Questo equilibrio reattivo vs imperativo è importante, perché la programmazione reattiva ha molteplici vantaggi potenziali in termini di scalabilità rispetto alla tradizionale programmazione imperativa. Anche se quest’ultima rimarrà un elemento importante nella programmazione per il prossimo futuro, la capacità di lavorare con eventi di dati asincroni non sequenziali ha una forte applicabilità per il moderno sviluppo di applicazioni software cloud.
Un buon esempio qui sarebbe NodeJS e l’uso di serverless, che AWS ha reso popolare con la sua implementazione Lambda. È una questione di logica di business per il modello reattivo che è disponibile e pronto all’uso. Una logica di business che potrebbe anche non essere tenuta in memoria; ma la sua istanza può essere portata in produzione quando necessario.
Con l’uso crescente di microservizi applicativi che si spostano verso un approccio molto più reattivo, il team di Quarkus voleva offrire agli sviluppatori entrambe le capacità. Ma, allo stesso tempo, desiderava che Quarkus facesse appello agli sviluppatori che realizzano ambienti imperativi, dove il modello è appropriato al caso d’uso.
Quarkus deconstructed e Java
Il modello imperativo è – in un certo senso – uno strato superiore che si trova sopra qualsiasi modello reattivo, una relazione strutturale che possiamo vedere in Internet stesso, che è sempre stato molto reattivo nella sua natura.
Quarkus si trova nella piattaforma di applicazioni container open source Red Hat OpenShift 4.6. Red Hat ha reso Quarkus disponibile a tutti i clienti OpenShift da novembre 2020. Sappiamo che il 20% degli sviluppatori Java cloud sta cercando di impiegare Quarkus, che – essendo Kube-native – ha senso utilizzare fin dall’inizio.

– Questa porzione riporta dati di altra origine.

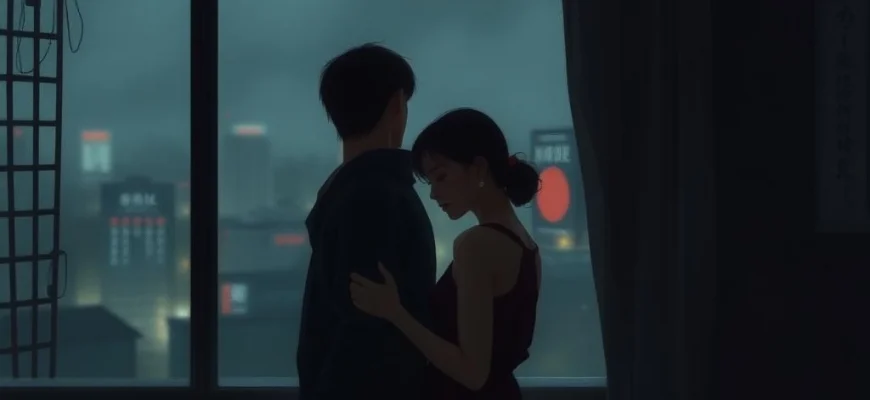 『スパイの妻』ファン必見！似た作品10選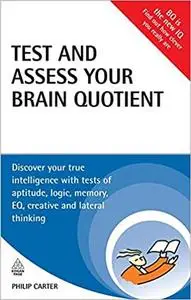 Test and Assess Your Brain Quotient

Red Hat ha aggiornato il suo Migration Toolkit for Applications in linea con l’arrivo di Quarkus. Lo stesso Migration Toolkit è disponibile da molti anni e aiuta a migrare applicazioni diverse su piattaforme differenti (WebLogic da Oracle a Red Hat EAP per esempio).

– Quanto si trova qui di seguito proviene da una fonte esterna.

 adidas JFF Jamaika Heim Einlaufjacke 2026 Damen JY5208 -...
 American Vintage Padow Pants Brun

Quello che Red Hat ha fatto negli ultimi tempi è puntare il Migration Toolkit verso Quarkus, il che significa che se uno sviluppatore indirizza le sue applicazioni al Toolkit, quest’ultimo può suggerire cosa cambiare senza impegnarsi in un processo completo di refactoring del codice.

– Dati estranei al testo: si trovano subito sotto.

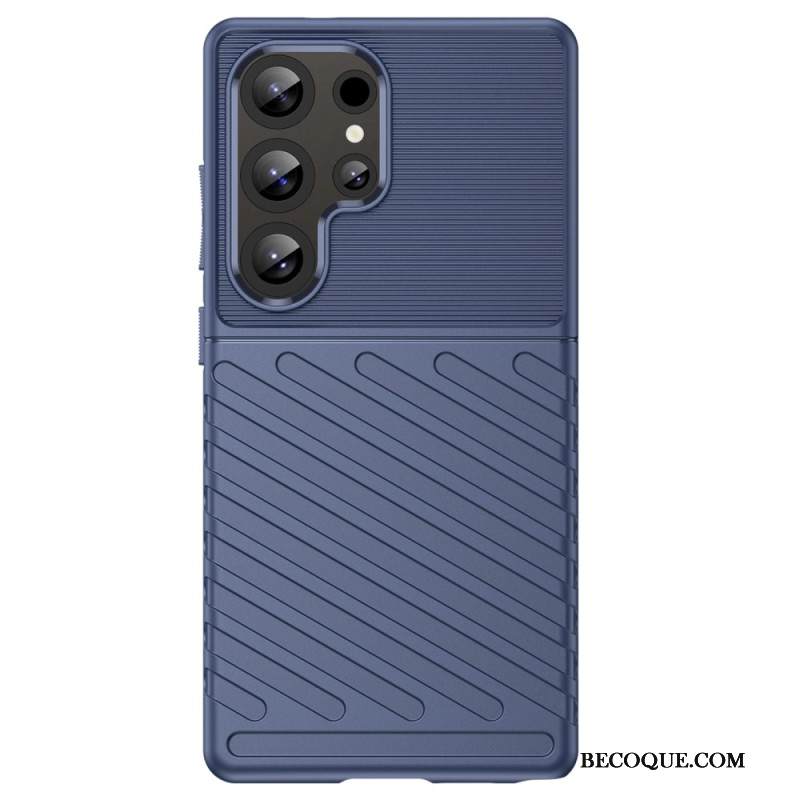 Kuori Samsung Galaxy S25 Ultra 5g Thunder-sarja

Quindi, nel complesso, il viaggio verso Quarkus dovrebbe essere indolore, familiare, operativamente flessibile e altamente funzionale in termini di uso quotidiano. Red Hat sta incoraggiando e guidando gli sviluppatori nel loro percorso verso Quarkus in ambienti che si estendono dal datacenter verso l’edge, su tutti i dispositivi e l’Internet on Things, oltre che il cloud pubblico.